* Task directions *
Would you please reproduce all the entries word for word, minus the pictures?
----- Data provided -----
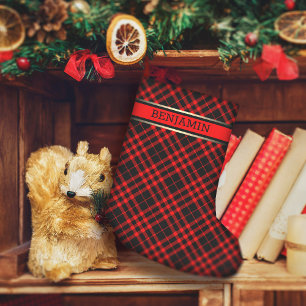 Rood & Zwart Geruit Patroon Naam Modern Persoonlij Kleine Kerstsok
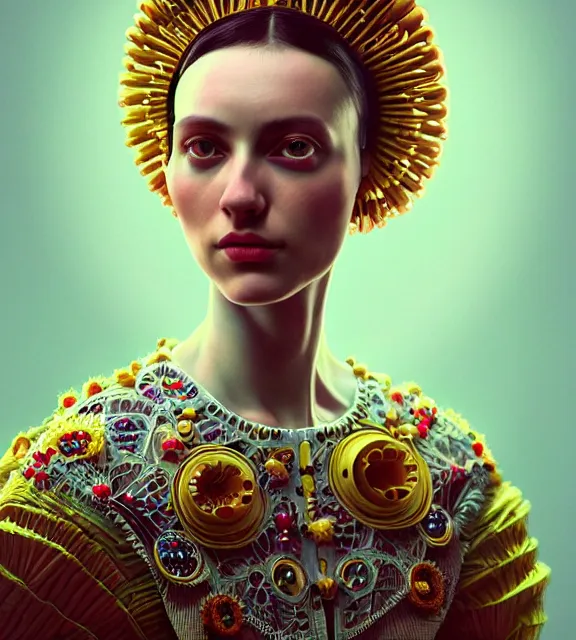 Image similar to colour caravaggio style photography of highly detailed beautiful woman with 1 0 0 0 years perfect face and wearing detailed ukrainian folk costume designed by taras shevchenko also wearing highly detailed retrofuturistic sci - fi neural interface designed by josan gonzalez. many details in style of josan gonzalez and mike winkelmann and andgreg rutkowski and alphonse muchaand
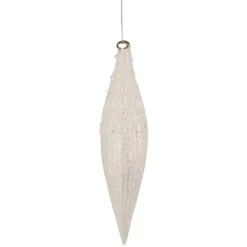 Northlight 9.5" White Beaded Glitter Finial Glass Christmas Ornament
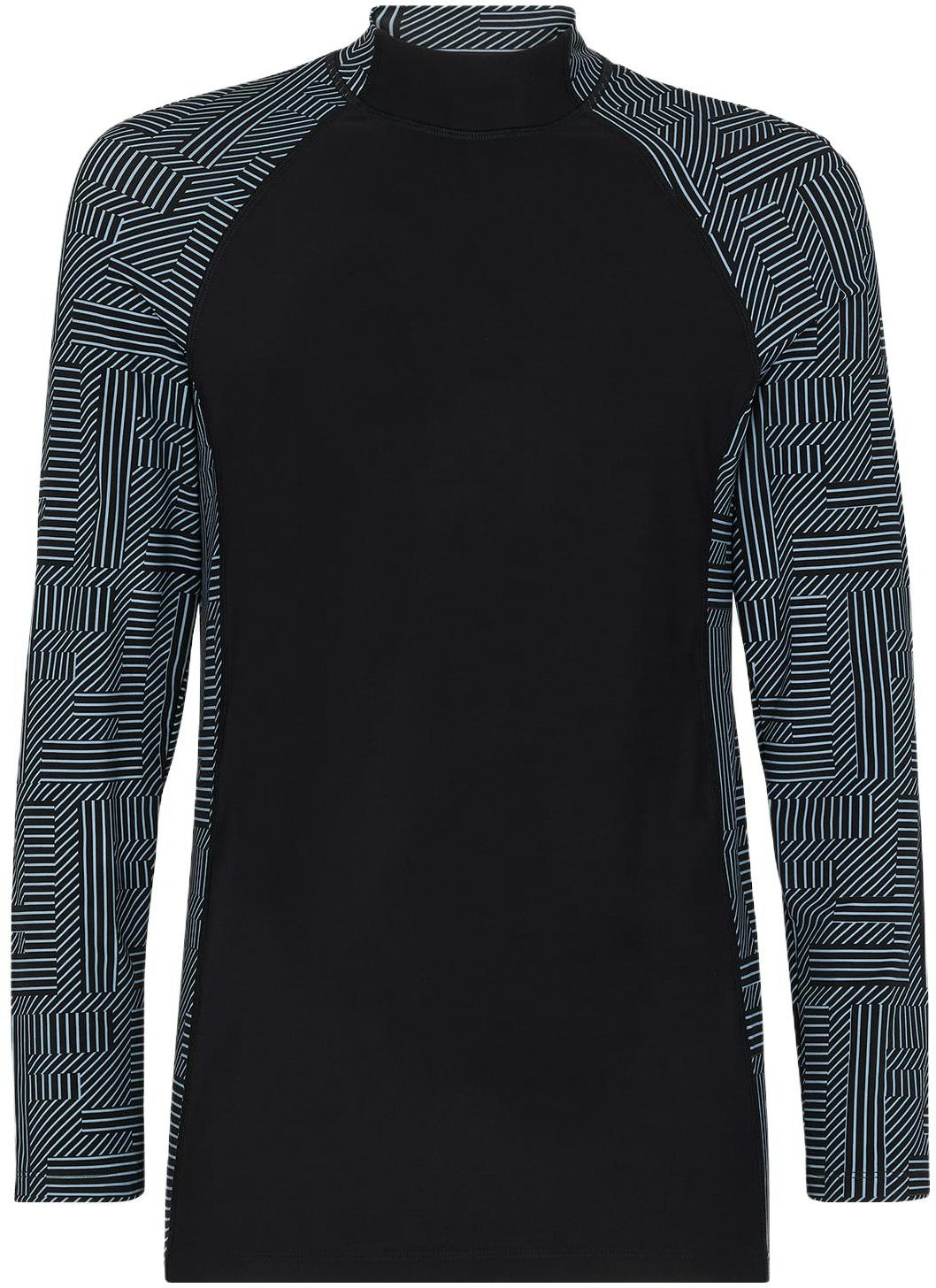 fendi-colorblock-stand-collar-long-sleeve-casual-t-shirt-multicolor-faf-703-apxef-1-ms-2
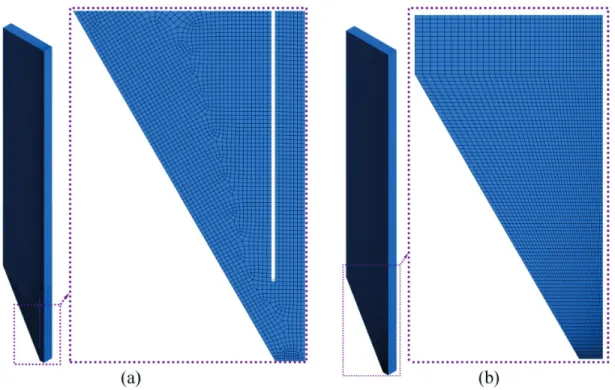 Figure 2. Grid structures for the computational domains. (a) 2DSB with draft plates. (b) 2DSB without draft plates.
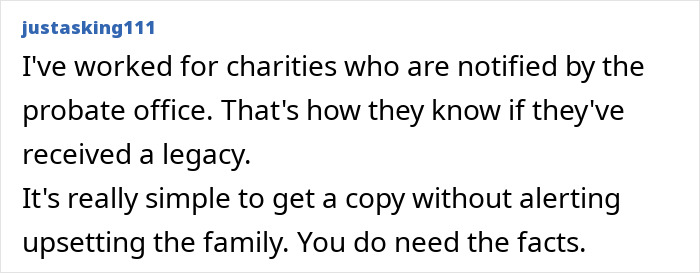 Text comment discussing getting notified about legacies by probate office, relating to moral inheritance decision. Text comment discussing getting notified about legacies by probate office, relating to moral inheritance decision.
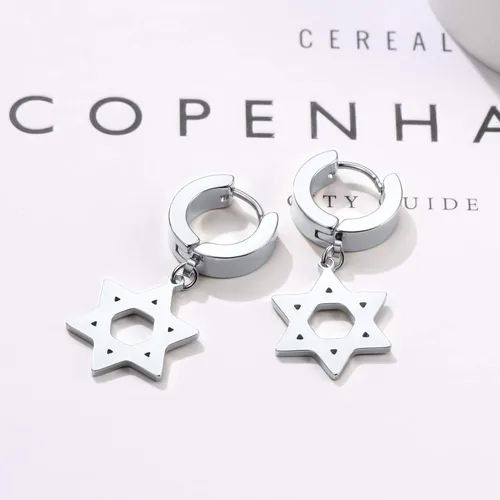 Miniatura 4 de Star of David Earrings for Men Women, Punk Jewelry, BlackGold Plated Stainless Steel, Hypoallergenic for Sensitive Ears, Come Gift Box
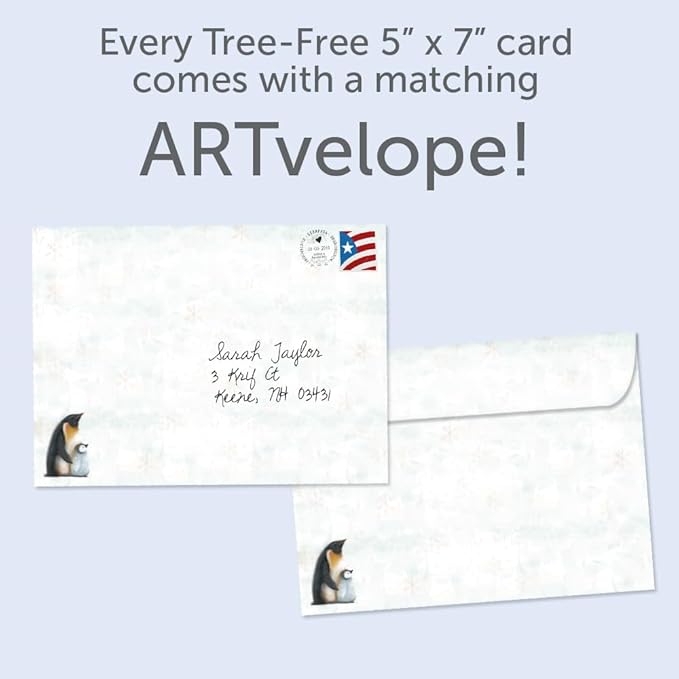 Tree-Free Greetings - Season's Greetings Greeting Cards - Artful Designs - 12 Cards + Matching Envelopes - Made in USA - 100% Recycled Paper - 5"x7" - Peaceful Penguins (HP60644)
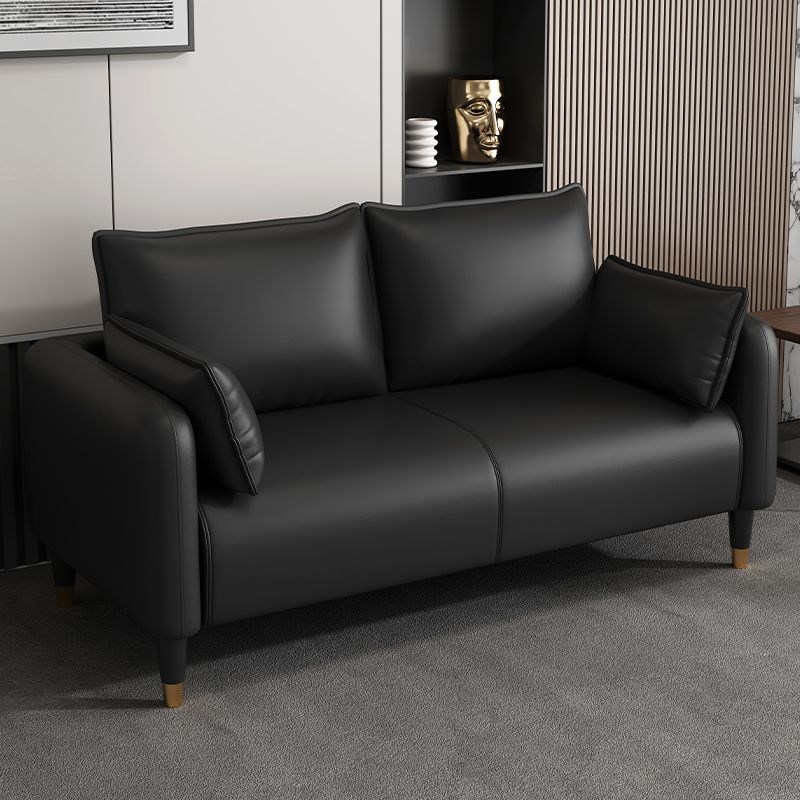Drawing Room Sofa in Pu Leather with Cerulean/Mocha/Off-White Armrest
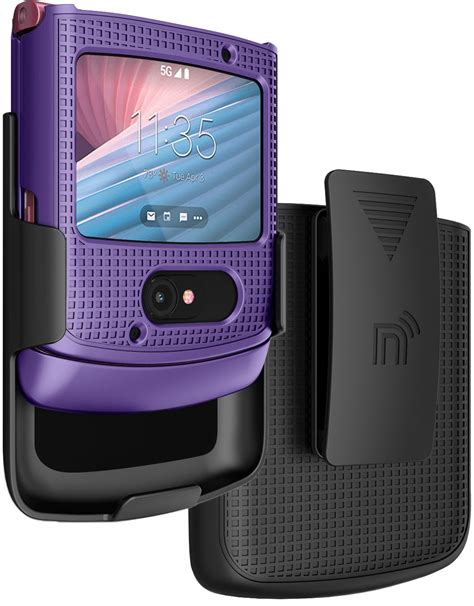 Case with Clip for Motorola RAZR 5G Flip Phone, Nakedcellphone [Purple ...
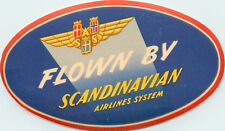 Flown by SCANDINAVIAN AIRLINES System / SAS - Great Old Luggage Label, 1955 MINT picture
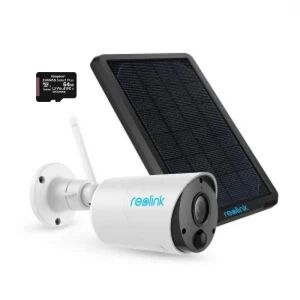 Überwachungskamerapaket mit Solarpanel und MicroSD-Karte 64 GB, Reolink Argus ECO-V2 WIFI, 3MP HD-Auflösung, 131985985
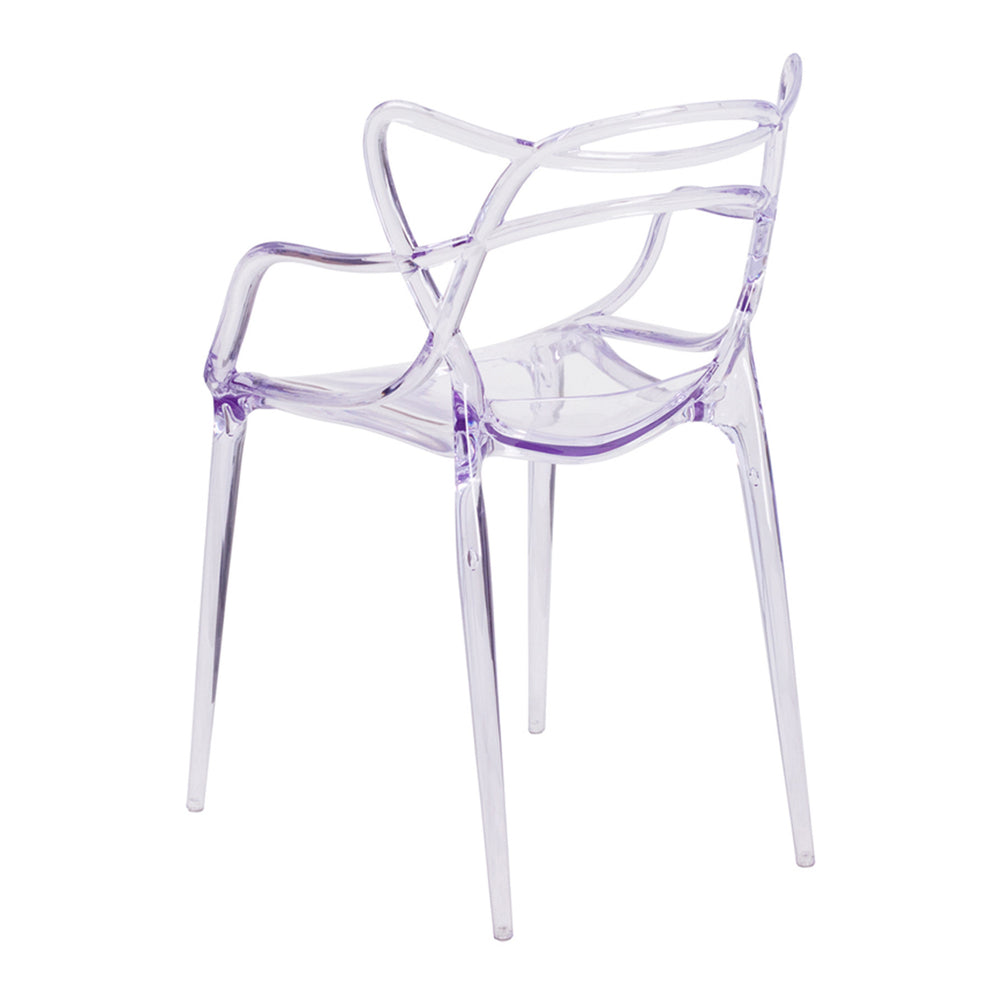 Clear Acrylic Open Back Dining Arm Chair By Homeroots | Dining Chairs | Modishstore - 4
-----
* Answer space *
 Rood & Zwart Geruit Patroon Naam Modern Persoonlij Kleine Kerstsok
 Image similar to colour caravaggio style photography of highly detailed beautiful woman with 1 0 0 0 years perfect face and wearing detailed ukrainian folk costume designed by taras shevchenko also wearing highly detailed retrofuturistic sci - fi neural interface designed by josan gonzalez. many details in style of josan gonzalez and mike winkelmann and andgreg rutkowski and alphonse muchaand
 Northlight 9.5" White Beaded Glitter Finial Glass Christmas Ornament
 fendi-colorblock-stand-collar-long-sleeve-casual-t-shirt-multicolor-faf-703-apxef-1-ms-2
 Figure 2. Grid structures for the computational domains. (a) 2DSB with draft plates. (b) 2DSB without draft plates.
 Text comment discussing getting notified about legacies by probate office, relating to moral inheritance decision. Text comment discussing getting notified about legacies by probate office, relating to moral inheritance decision.
 Miniatura 4 de Star of David Earrings for Men Women, Punk Jewelry, BlackGold Plated Stainless Steel, Hypoallergenic for Sensitive Ears, Come Gift Box
 Tree-Free Greetings - Season's Greetings Greeting Cards - Artful Designs - 12 Cards + Matching Envelopes - Made in USA - 100% Recycled Paper - 5"x7" - Peaceful Penguins (HP60644)
Drawing Room Sofa in Pu Leather with Cerulean/Mocha/Off-White Armrest
 Case with Clip for Motorola RAZR 5G Flip Phone, Nakedcellphone [Purple ...
 Flown by SCANDINAVIAN AIRLINES System / SAS - Great Old Luggage Label, 1955 MINT picture
 Überwachungskamerapaket mit Solarpanel und MicroSD-Karte 64 GB, Reolink Argus ECO-V2 WIFI, 3MP HD-Auflösung, 131985985
 Clear Acrylic Open Back Dining Arm Chair By Homeroots | Dining Chairs | Modishstore - 4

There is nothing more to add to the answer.